Since stopping wearing night time nappies 4 months ago, our 6 y-o has, like clockwork, got herself up, usually around 10.30 or 11, to go to the loo. We don't even help her, she is so used to it & literally 'does it in her sleep'. Even when in Bosnia, in a ski chalet, with a very steep narrow attic staircase & no lights on, she would get herself up, negotiate her way successfully down the stairs, through the living room & into the bathroom & then retrace her steps, quite happily. In the dark. She never remembers doing any of this.
On Monday night this week, I heard the familiar creak of her door opening, a pause of roughly 'visit to the bathroom' length & then she came into the kitchen, rubbing her eyes. I talked to her, telling her what a clever girl she was & suggesting we 'go back to bed now'? She nodded, & I led her back to bed, tucked her in & kissed her, closing the door as I left. Less than a minute later she was back in the kitchen beside me saying “I can't do it. I just can't do it.” I was a bit confused until Mr Ngo suggested maybe she hadn't actually 'been' to the loo. When asked if she needed to go she nodded, so we walked out of the kitchen & she went ahead of me straight of me &.....into the spare-room.

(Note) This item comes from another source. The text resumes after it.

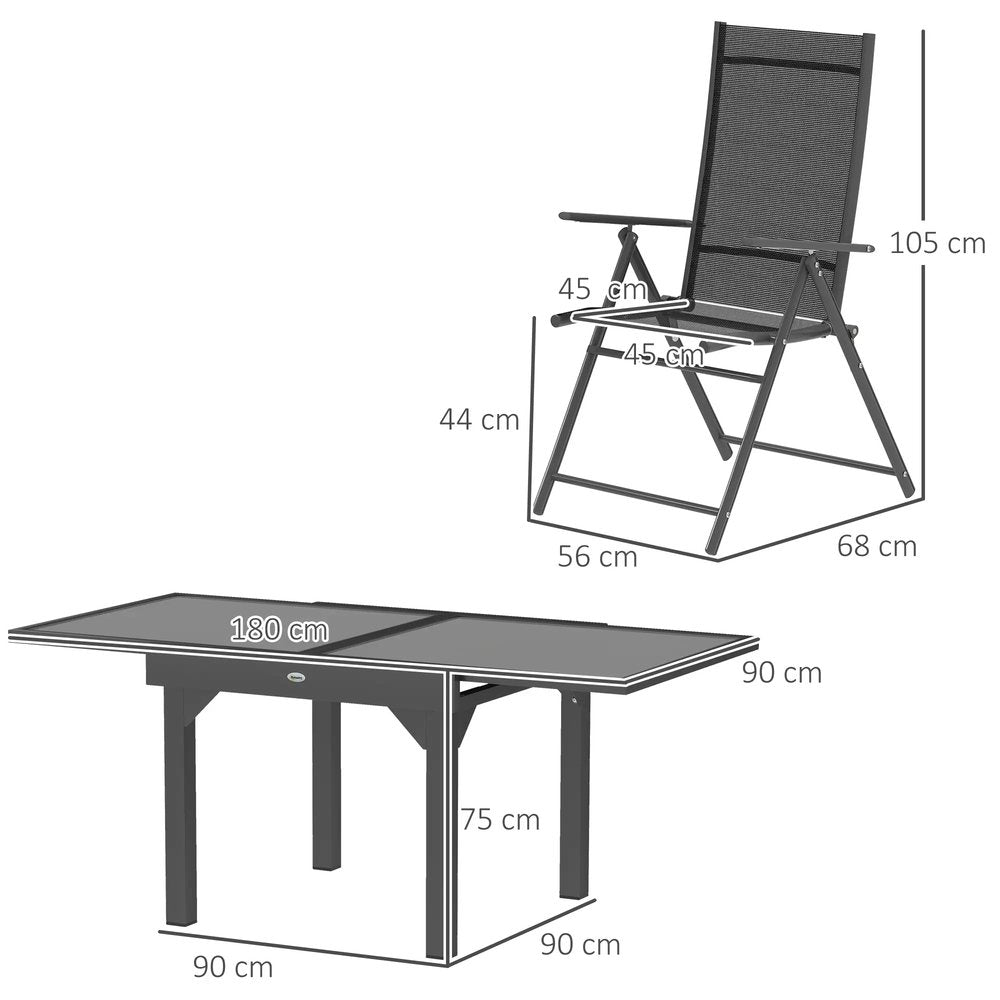 Outsunny 7 Piece Outdoor Dining Set with Extendable Table and 6 Folding Chairs for Patio, Balcony, Deck, Grey 2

No, it's this way.” I said. She sat on the loo, eyes closed, feet dangling. Once finished, again I led her out & pushed open the bedroom door, turning to speak to her, only to discover she was no where to be seen. I called “Where are you?”
“Here.” she said. She was in the sitting room. “What are you doing in there?” I asked. She didn't know. Of course. Next morning she had no recollection of this whatsoever. She is also convinced we make up these stories for our breakfast amusement. She is very sensitive to being 'laughed at'.
Later that same night, around midnight, I saw the children's bedroom light on, so I went in & found our 10 y-o sitting on the floor in nothing but his underpants rummaging through his drawer looking for socks.
“What are you doing?” I asked.
“Getting dressed,” he replied “But I don't know what to wear.”
“How about pyjamas?” I suggested. He looked at me as if I was mad, so I explained it was still night time & he still had quite a few hours ahead of him. He checked his watch, gave a little smile & put his pyjamas back on.
They say sleepwalking is not indicative of any psychological disturbance,but you do wonder what's going on in their little minds.
It normally occurs between 11 & 1 in the 1st third of the night, only usually occurs once a night & is hereditary. It is also most common in children aged 4-8 & also commoner amongst bed wetters. My daughter isn't a bed wetter, since abandoning nappies. If she didn't sleepwalk, she would be though...
It is also supposed to be hereditary. I know my mum used to tell me I would engage her in conversation at night or sit bolt upright in bed when she came in to tuck me in saying “I am awake you know” (Strange child that I was.) It also doesn't have to involve actual walking but more often repeated or routine behaviours.
The only 'sleepwalking' I've known my husband to do once in 20 years was when he got up for his customary visit to the bathroom, but mistook the landing for the bathroom. Fortunately, having been disturbed, I often get up too, & on this occasion followed my husband out onto the landing. Let's just say spotting the characteristic stance, I got there in the nick of time & steered him into the bathroom.
Of course he is convinced I made up the entire incident for a joke. Like father, like daughter.
A former colleague of mine had a husband who had a severe sleepwalking problem, he had got out of the house, tried to drive the car on several occasions, & , more helpfully, when they were moving house, was taking pictures off the walls & packing boxes in his sleep. Seriously though, that would make me lose sleep. What a worry.
It has always been something of a mystery & wasn't even seriously investigated until the 20th century. It seems the reality is much more mundane than all the literary & musical allusions make it out to be. And indeed there are some interesting cases of people who have committed murders whilst sleepwalking & been acquitted. Legally it's called temporary insanity.
Do you have any experience of sleep walking?